START Data section

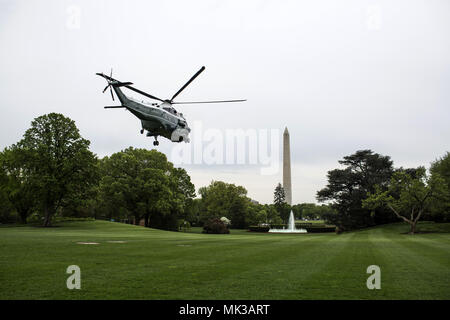 Washington, DC. 5th May, 2018. United States President Donald flies aboard Marine One as it takes off from the South Lawn of The White House on May 5, 2018 in Washington, DC. President Trump will travel to Cleveland, Ohio to speak at Public Hall ahead of state primary elections. Credit: Zach Gibson/Pool via CNP | usage worldwide Credit: dpa/Alamy Live News Stock Photo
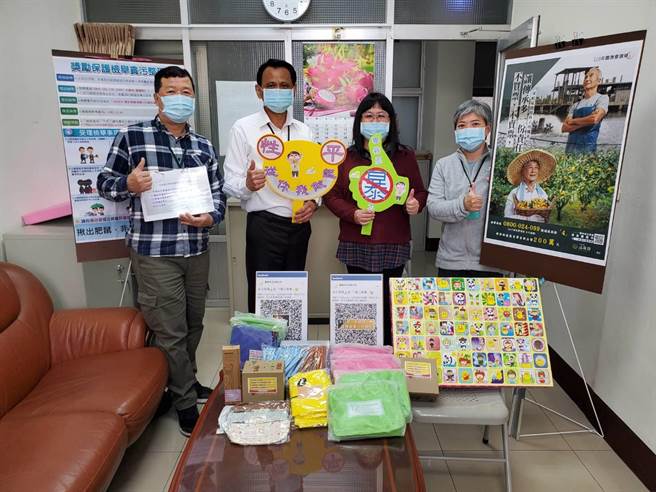 台南市玉井區公所31日上午將於衛生所前廣場辦理揮毫贈春聯活動，還有防火防災、戶政等宣導，公所亦準備許多小禮物要送給參加趣味問答的民眾。（台南市玉井區公所提供／劉秀芬台南傳真）
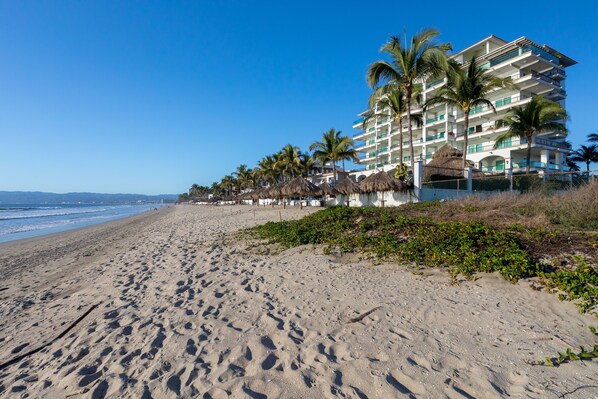 On the beach - Gorgeous Beachfront Condo In Small, Private Building (Nuevo Vallarta)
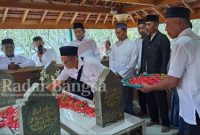 Suasana di lokasi makam,Kamis (2/3) di Sumorame Candi (Foto : Radarbangsa )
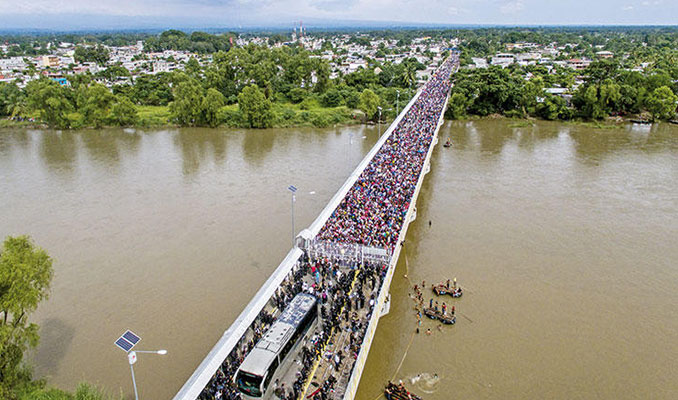 Trump’ın ‘Durdurun’ dediği mülteciler köprüde mahsur kaldı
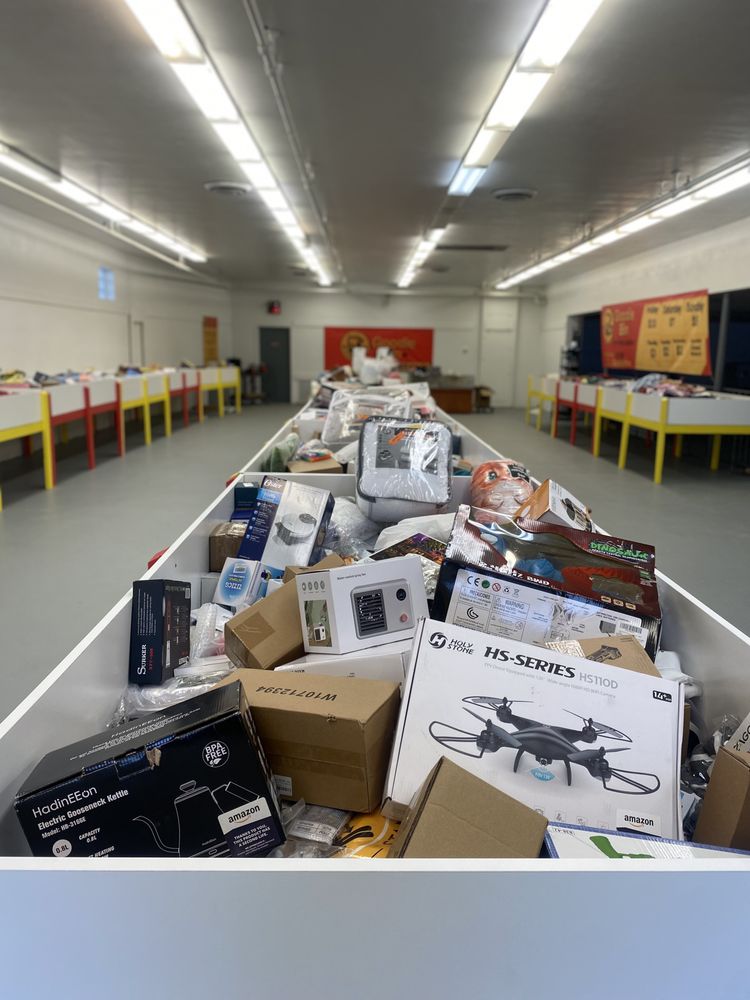 GOODIE BIN Updated August 2024 4401 Charles St, Rockford, Illinois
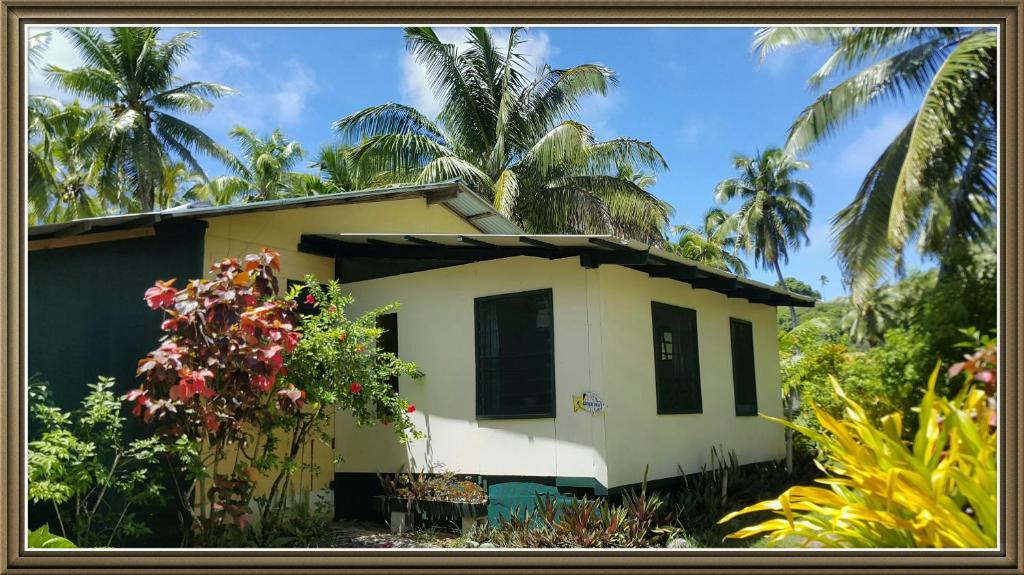 Matriki Beach Huts photo 3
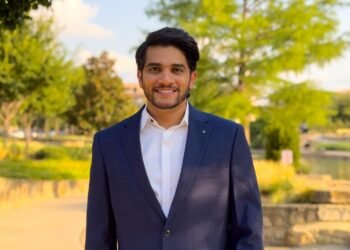 Leading IT Specialist Raja Venkata Davu Transforms the Financial  Industry with Advanced Virtualization and Cloud Solutions for Risk assessment, Data Intelligence, and Ratings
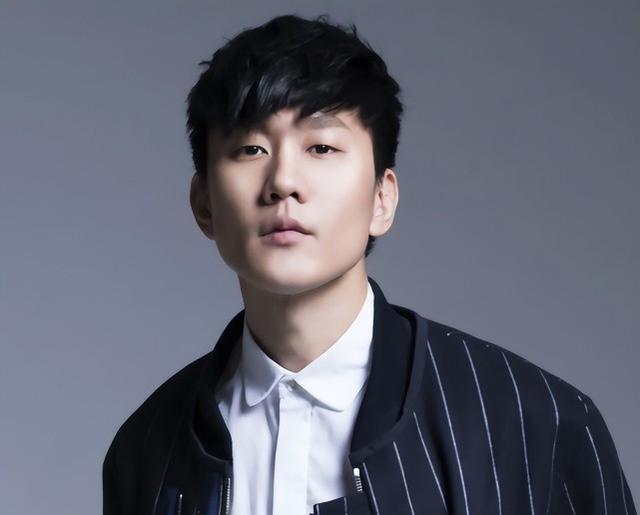 张艺兴|一天7个瓜!被造黄谣报案、确诊新冠、求婚成功,娱乐圈有喜有悲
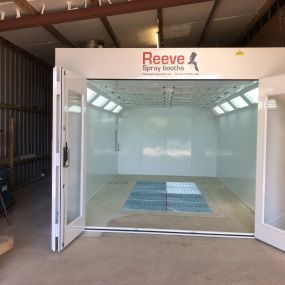 Bild von Reeve Spray Booths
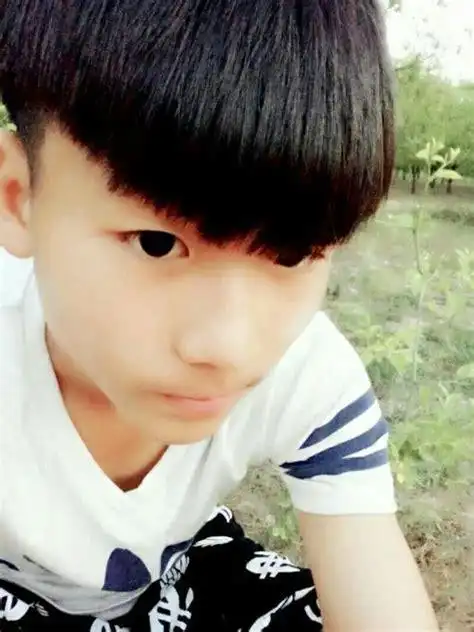16岁小哥哥帅气一套照片 16岁男生帅气照片一个人_新闻资讯 - 帅哥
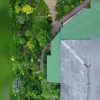 Вид с дрона на "Зону весны" в июне.🍀 От полукруглой изгороди до лестницы, ведущей на большую поляну.🍀 Деревья распушились, мало, что видно.🌳💮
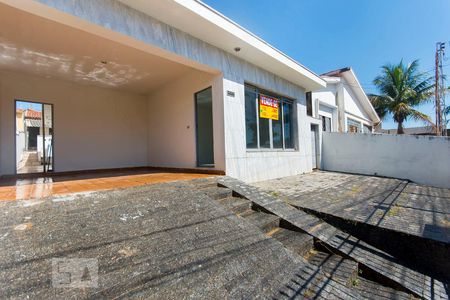 Fachada de casa à venda com 2 quartos, 145m² em Vila Santana, Campinas
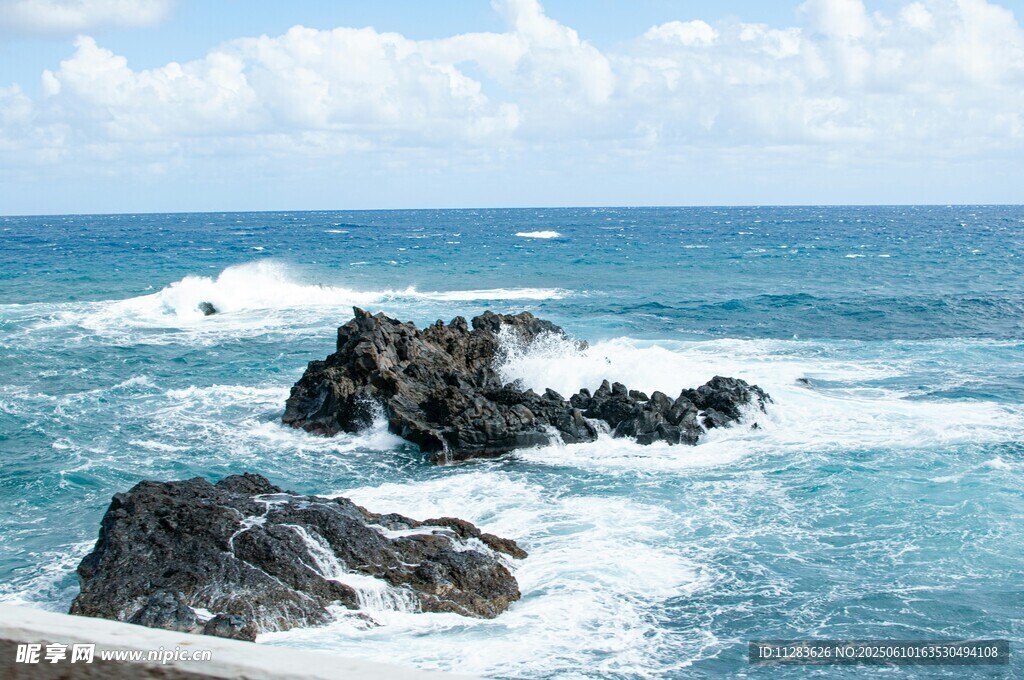 海浪拍击礁石的壮阔海景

END Data section

● Assignment: An exact transcript of the listing is needed, free of pictures.

● Output:
 Washington, DC. 5th May, 2018. United States President Donald flies aboard Marine One as it takes off from the South Lawn of The White House on May 5, 2018 in Washington, DC. President Trump will travel to Cleveland, Ohio to speak at Public Hall ahead of state primary elections. Credit: Zach Gibson/Pool via CNP | usage worldwide Credit: dpa/Alamy Live News Stock Photo
 台南市玉井區公所31日上午將於衛生所前廣場辦理揮毫贈春聯活動，還有防火防災、戶政等宣導，公所亦準備許多小禮物要送給參加趣味問答的民眾。（台南市玉井區公所提供／劉秀芬台南傳真）
 On the beach - Gorgeous Beachfront Condo In Small, Private Building (Nuevo Vallarta)
 Suasana di lokasi makam,Kamis (2/3) di Sumorame Candi (Foto : Radarbangsa )
 Trump’ın ‘Durdurun’ dediği mülteciler köprüde mahsur kaldı
 GOODIE BIN Updated August 2024 4401 Charles St, Rockford, Illinois
 Matriki Beach Huts photo 3
 Leading IT Specialist Raja Venkata Davu Transforms the Financial  Industry with Advanced Virtualization and Cloud Solutions for Risk assessment, Data Intelligence, and Ratings
 张艺兴|一天7个瓜!被造黄谣报案、确诊新冠、求婚成功,娱乐圈有喜有悲
 Bild von Reeve Spray Booths
16岁小哥哥帅气一套照片 16岁男生帅气照片一个人_新闻资讯 - 帅哥
 Вид с дрона на "Зону весны" в июне.🍀 От полукруглой изгороди до лестницы, ведущей на большую поляну.🍀 Деревья распушились, мало, что видно.🌳💮
 Fachada de casa à venda com 2 quartos, 145m² em Vila Santana, Campinas
 海浪拍击礁石的壮阔海景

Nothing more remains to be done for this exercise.